一貫して右肩上がりとなっていますが、特に2020年末からの上がりは強烈です。
近似曲線から見て、14倍程度がニュートラルな水準だと考えられます。
TOPIXの水準はいかほどか
ではTOPIXを単純に14倍すればいいという問題でもありません。
日経平均に比べれば穏やかとはいえ、TOPIXも2020年11月あたりからの上げはメッキ部分だと見なさなければならないからです。
以下はTOPIXの動きです。

どこからがメッキか判断するのは難しい。もはや勘の世界ですが、2020年11月に窓が開いています。
窓が開いた1,750ポイントあたりからはメッキだと推測できます。
メッキが剥げれば1,750ポイントまで下がると思われます。
TOPIX × NT倍率 = 日経平均安値
これで材料は整いました。
1,750ポイント × 14倍 ⇒ 日経平均の下値目処です。
いったいいくら?
24,500円也。
現状(2021年5月13日現在)、日経平均は27,448円也。
あと3,000円程度の下げは覚悟しておかねばならないというのが個人的見解です。
日経平均トータルリターン?
ところで今まで気がつきませんでしたが、日本経済新聞に日経平均トータルリターン・インデックス(※)なる指標が掲載されていました。

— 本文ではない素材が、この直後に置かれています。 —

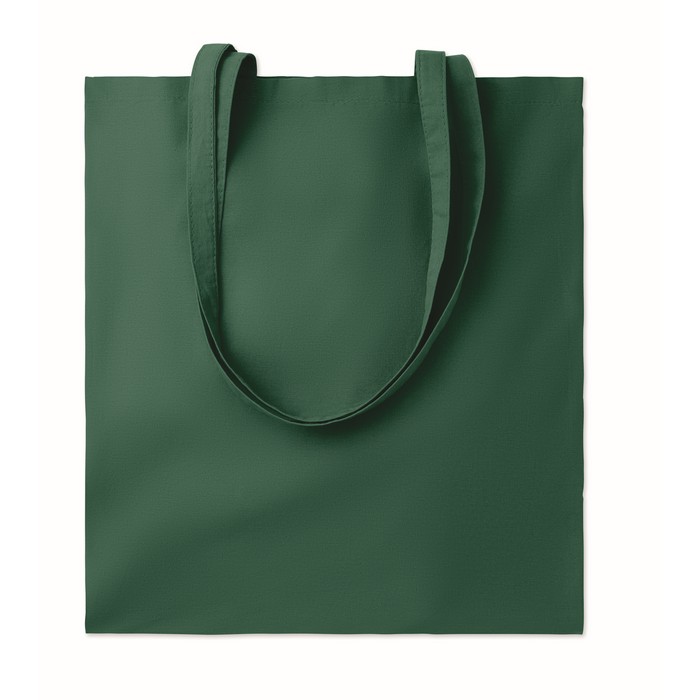 Cottonel Colour ++ pamut bevásárlótáska, 180 g, sötétzöld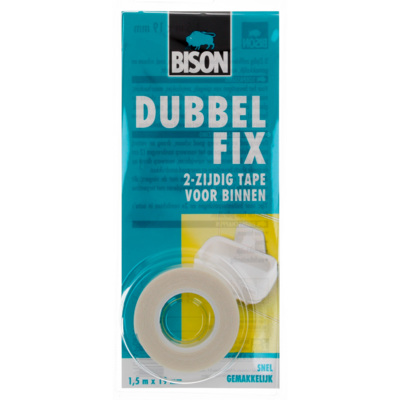 Bison Dubbel fix tape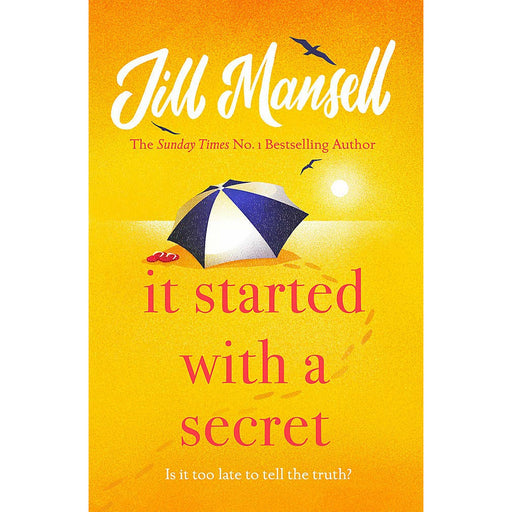 It Started with a Secret: The unmissable Sunday Times bestseller By Jill Mansell - The Book Bundle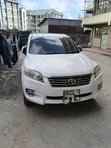 Toyota Vanguard 2010 White - 1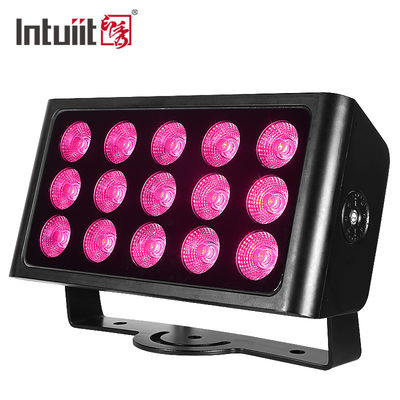 स्विच के साथ उज्ज्वल छोटा बगीचा RGB IP65 वाटरप्रूफ 40W 80W 160W आउटडोर फ्लड लाइट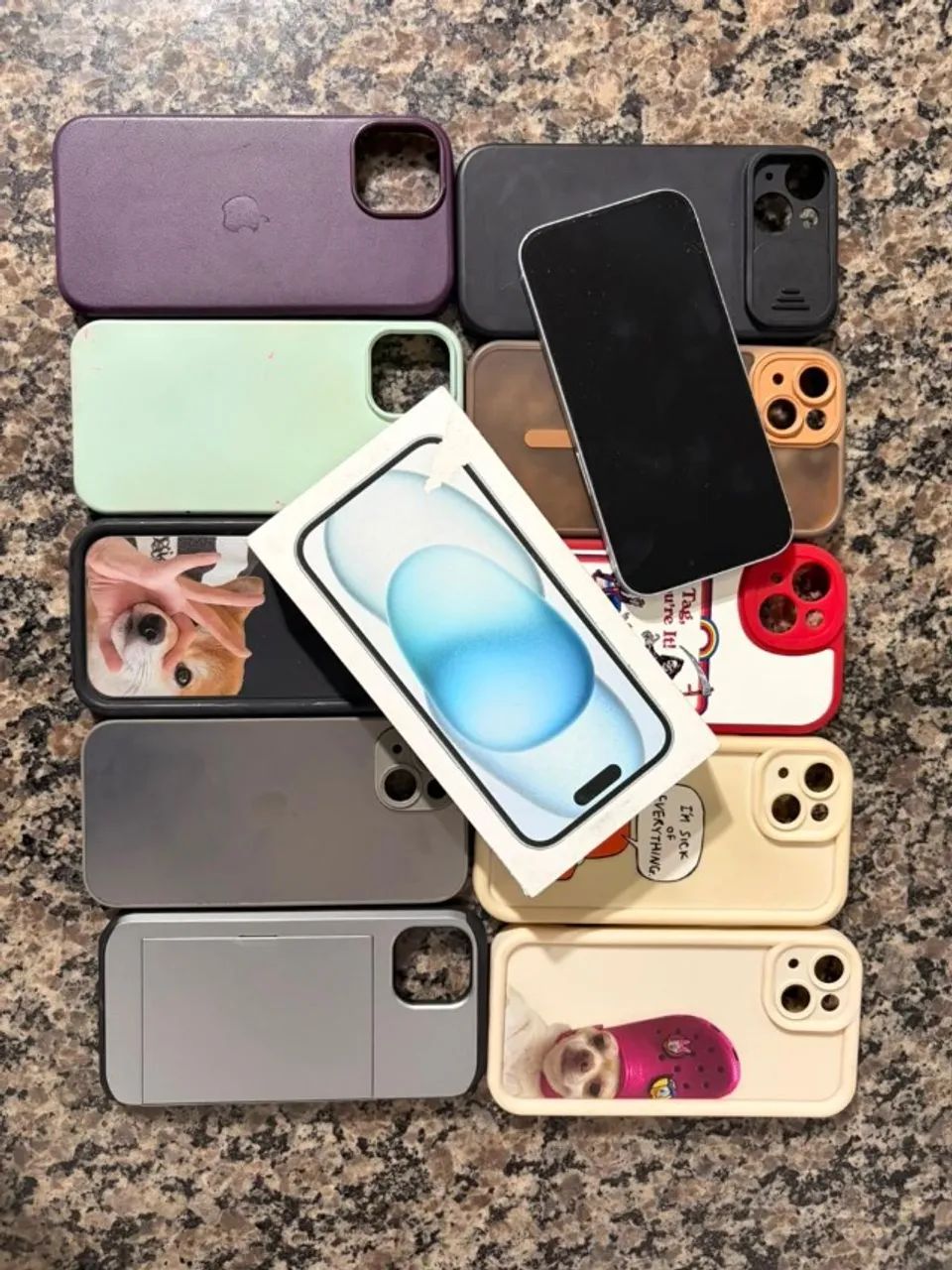 IPHONE 15 128GB - ORIGINAL E MUITO CONSERVADO - Foto 5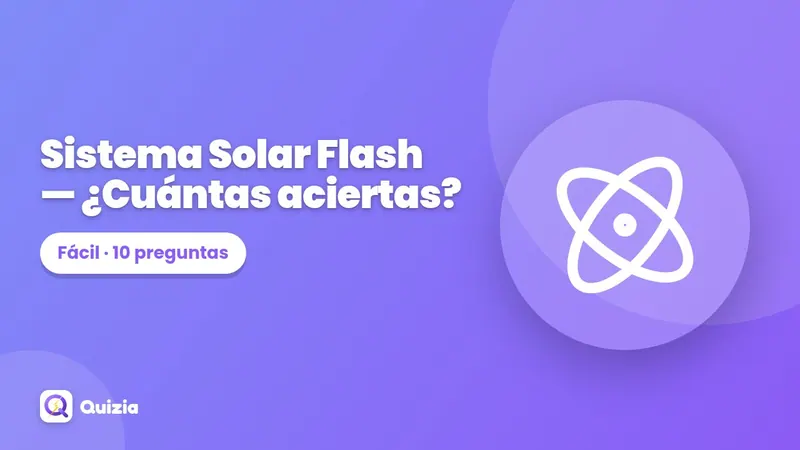 Sistema Solar Flash 🪐 — ¿Cuántas aciertas?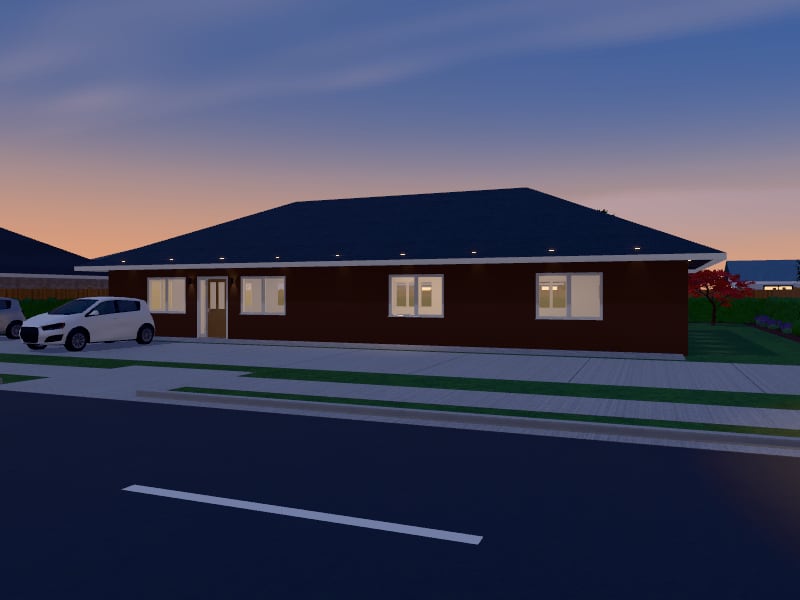 Japanese Clinic, exterior view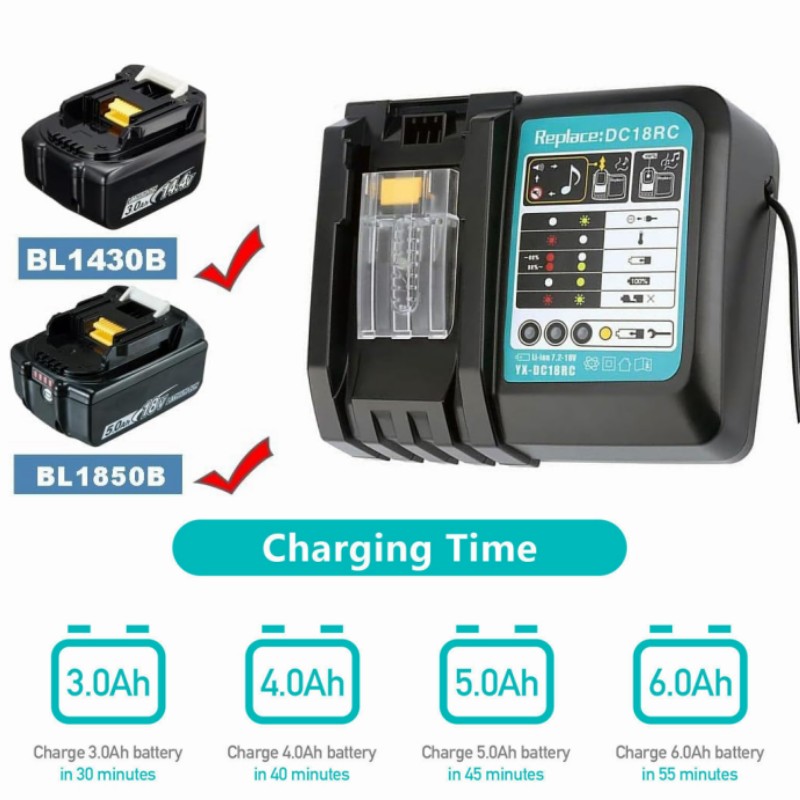 Carregador de Bateria Li-ion D - Makita Drill Hp1640 avaliação e preço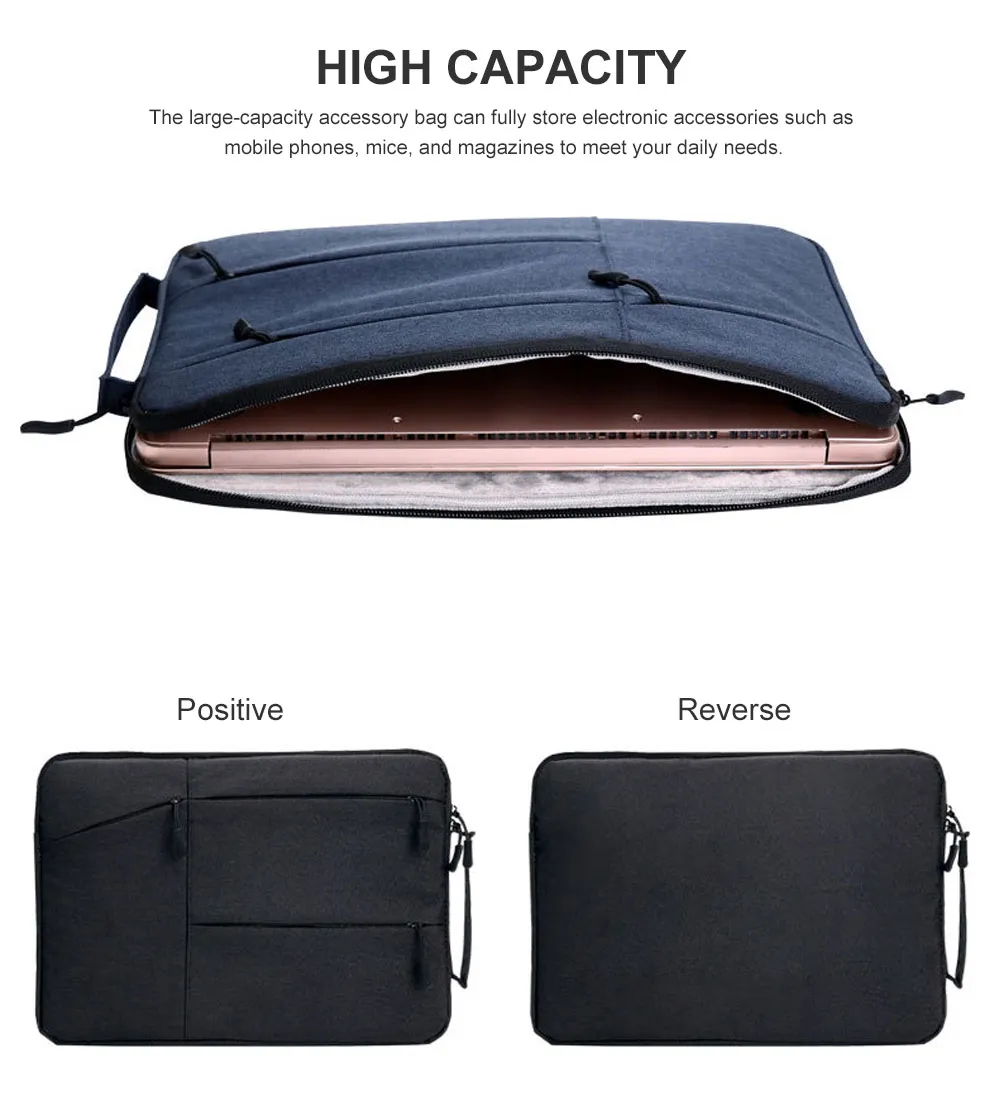 Premium 13.3 Inch Laptop Bag Sleeve For Xiaomi MSI Redmibook MacBook Pro Air HP Dell Lenovo Fits 11 16 Inch Notebooks From Coisinistore 16.12 DHgate.Com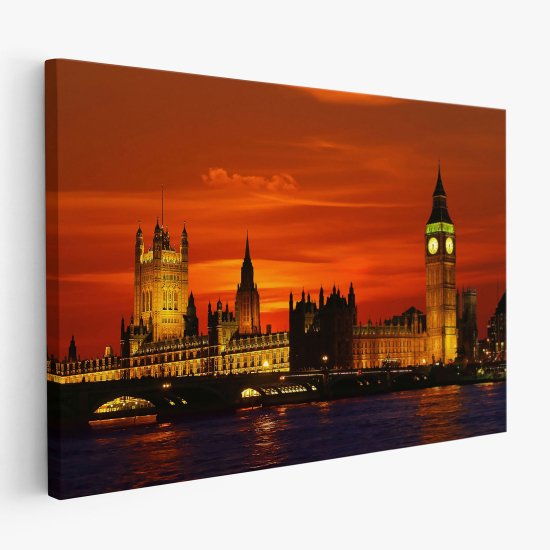 Leinwandbild - London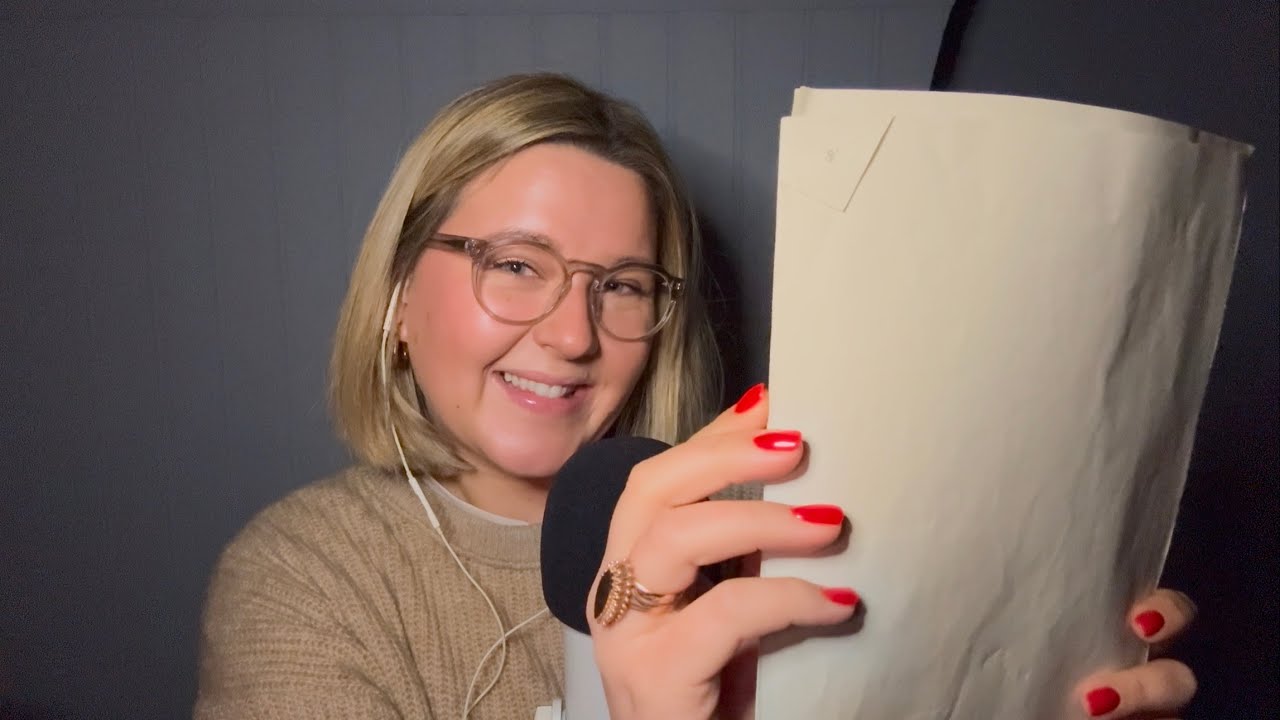 ASMR | How to read and understand research papers 📚✨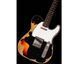 FENDER CUSTOM SHOP 1959 TELECASTER CUSTOM SUPER HEAVY RELIC AGED BLACK OVER 3TSB Електрогітара FE-0291 фото 8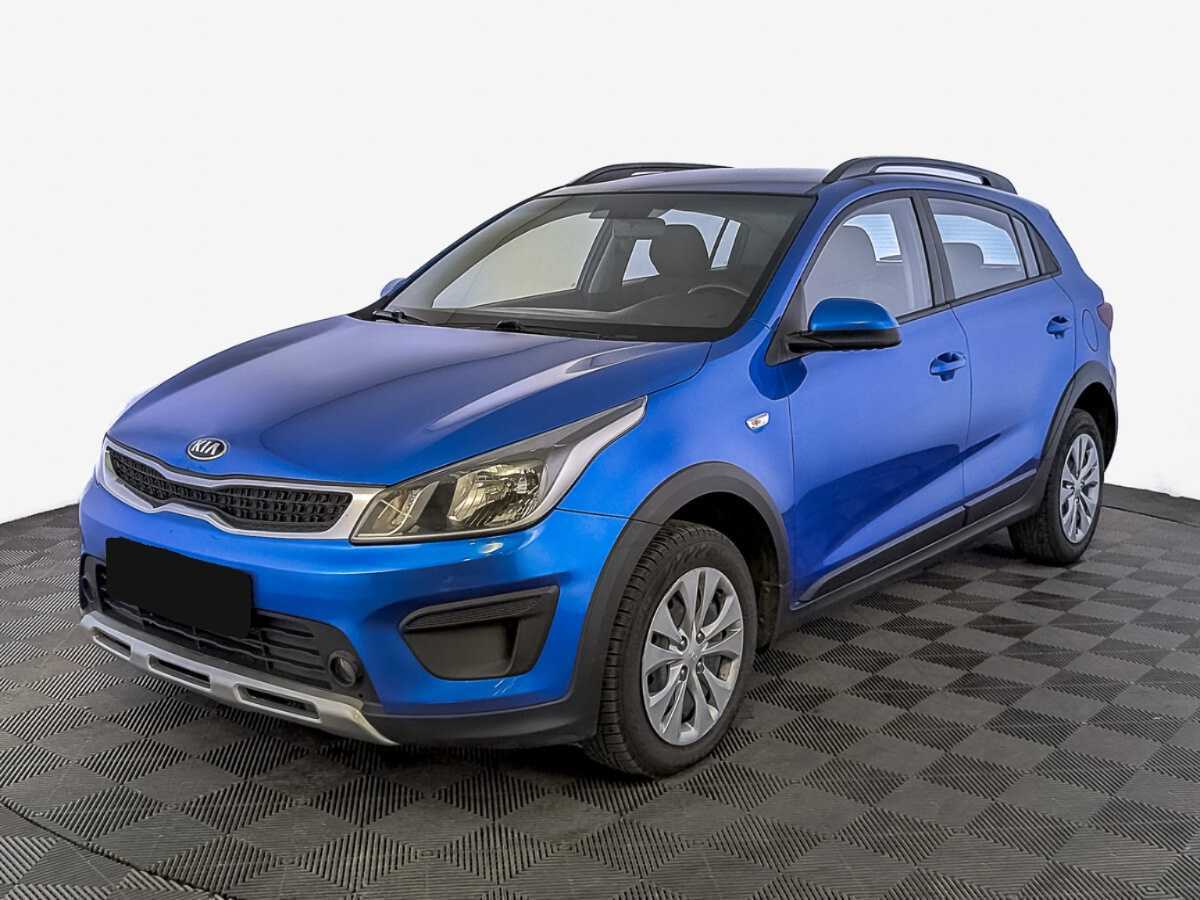 Kia Rio 2019 года с пробегом. Посмотреть фото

配当込みの日経平均であろうことは容易に推測できましたが、あまり意識したことはありません。
ちなみに5月12日現在で46,822円となっております。バブル最高潮の1989年12月の日経平均トータルリターン・インデックスは43,200円。
配当を加味すれば、バブルの最高値で買ったとしても損は発生していない水準にまでは戻ったということです。
(※)日経平均トータルリターン・インデックス
配当を加えた日経平均株価の値動きを示す指数。日経平均の値動きに加えて、日経平均の構成銘柄から得られる配当を再投資したと仮定した場合の値動きを指数化したもの。日本経済新聞社が2012年12月3日から算出している。
配当を加えた日経平均株価の値動きを示す指数。日経平均の値動きに加えて、日経平均の構成銘柄から得られる配当を再投資したと仮定した場合の値動きを指数化したもの。日本経済新聞社が2012年12月3日から算出している。
最後に
あと1割程度の下げと覚悟すれば大したこともない。セル・イン・メイのとおりとなれば秋には底もつくでしょう。
今は時間分散。焦らず仕込むチャンスが到来したといえます。チャンスを逃した人はここからが勝負となります。
日銀はまだETFとJリートの買いには動いていません。日銀もまだまだ買い支えるほどの段階ではないと考えているに違いありません。